Webster's dictionary describes an "index" as a sequential arrangement of material. Our index is a large, growing, organized collection of Web pages and discussion group pages from around the world. The 'index' becomes larger every day as people send us the addresses for new Web pages. We also have technology that crawls the Web looking for links to new pages. When you use our search service, you search the entire collection using keywords or phrases.
What is a Word?
When searching, think of a word as a combination of letters and numbers. The search service needs to know how to separate words and numbers to find exactly what you want on the Internet. You can separate words using white space and tabs.
What is a Phrase?
You can link words and numbers together into phrases if you want specific words or numbers to appear together in your result pages. If you want to find an exact phrase, use "double quotation marks" around the phrase when you enter words in the search box.
Simple Tips for More Exact Searches
Searches are case insensitive. Searching for "Books" will match the lowercase
"books" and uppercase "BOOKS".
By default, all searches are accent insensitive as well, but administrators can change this setting. Accent sensitivity relates to Latin characters like
è.
Including or excluding words:
To make sure that a specific word is always included in your search topic, place the plus (+) symbol before the key word in the search box. To make sure that a specific word is always excluded from your search topic, place a minus (-) sign before the keyword in the search box.
Example: To find recipes for cookies with oatmeal but without raisins, try "recipe cookie +oatmeal -raisin".
Expand your search using wildcards (*):
By typing an * at the end of a keyword, you can search for the word with multiple endings.
Example: Try wish*, to find wish, wishes, wishful, wishbone, and wishy-washy.
Searching for web addresses:
If your search term is a URL, like "http://www.books.com/", some search engines will redirect you directly to the URL. To avoid this behavior, and do an actual search with the URL as the search term, enclose the URL in double-quotes.
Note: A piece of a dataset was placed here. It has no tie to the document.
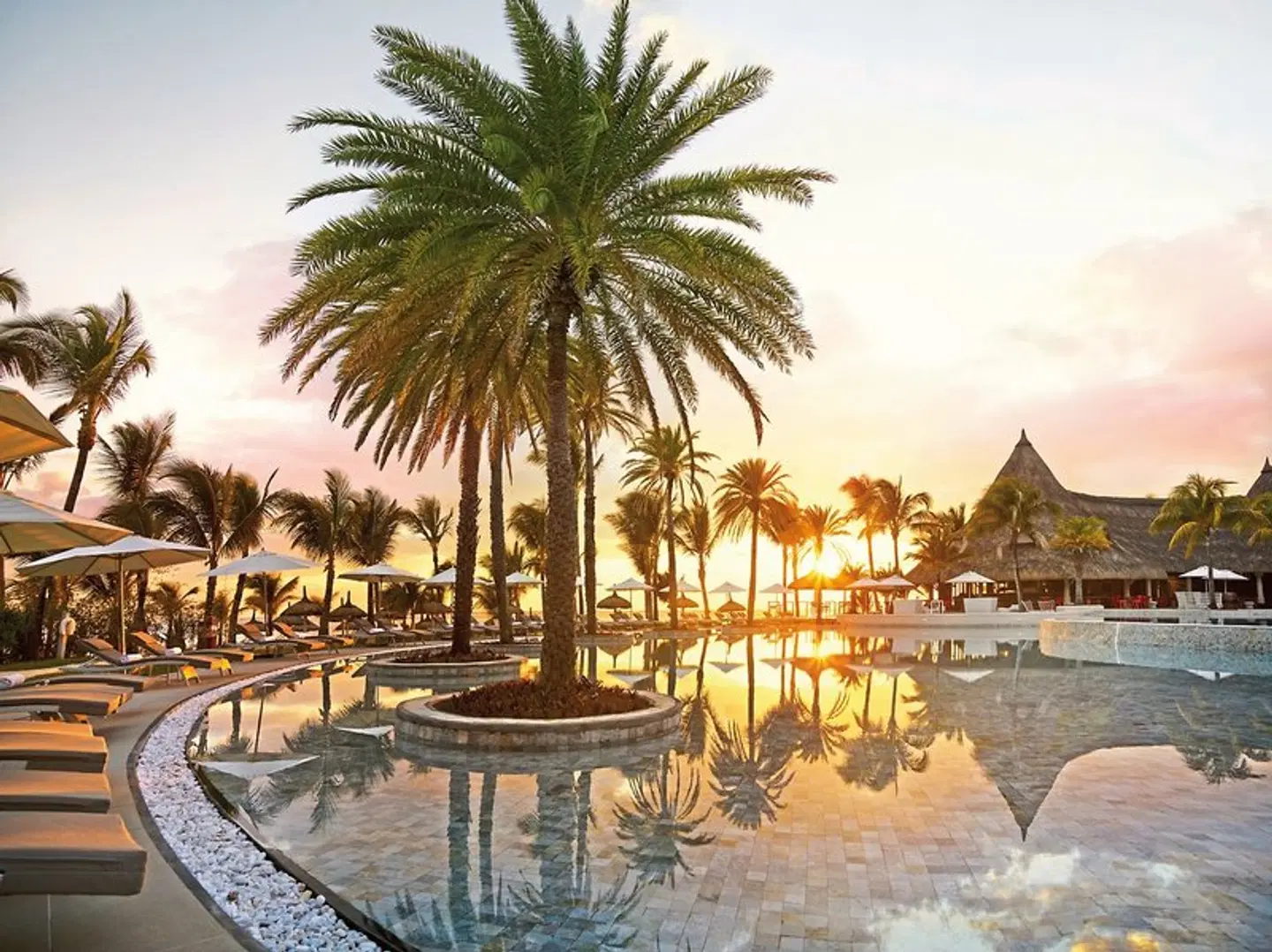 LUX* Belle Mare OUTDOOR_POOL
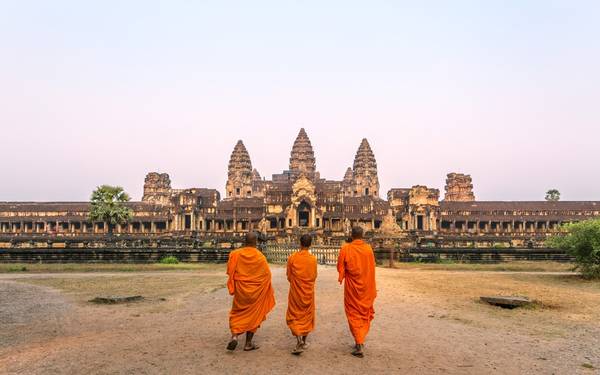 Siem Reap, Campuchia: Nằm ở tây bắc Campuchia, Siem Reap là cửa ngõ dẫn tới khu di tích Angkor nổi tiếng, ngai vàng quyền lực của vương quốc Khmer từ thế kỷ 9 tới thế kỷ 15. Khu di tích khổng lồ này có nhiều công trình, đền đài với kiến trúc tinh xảo, độc đáo. Với 88,96 điểm, Siem Reap đã giành được vị trí số 4.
Fancy Features for Typical Searches
You can search more than just text. Here are all of the other ways you can search on the net:
link:address
Finds pages that link to the specified address, or a substring of it. Use
link:abc.com to find all pages linking to Abc sites. Note: this feature is not implemented on all search engines.
text:text
Finds pages that contain the specified text in any part of the page other than an image tag, link, or URL. The search
text:paper bags would find all pages with the term paper bags in them.
title:text
Finds pages that contain the specified word or phrase in the page title (which appears in the title bar of most browsers). The search
title:Cow boy would find pages with Cow boy in the title.
url:text
Finds pages with a specific word or phrase in the URL. Use
url:storefront to find all pages on all servers that have the word
Storefront in the host name, path, or filename - the complete URL, in other words.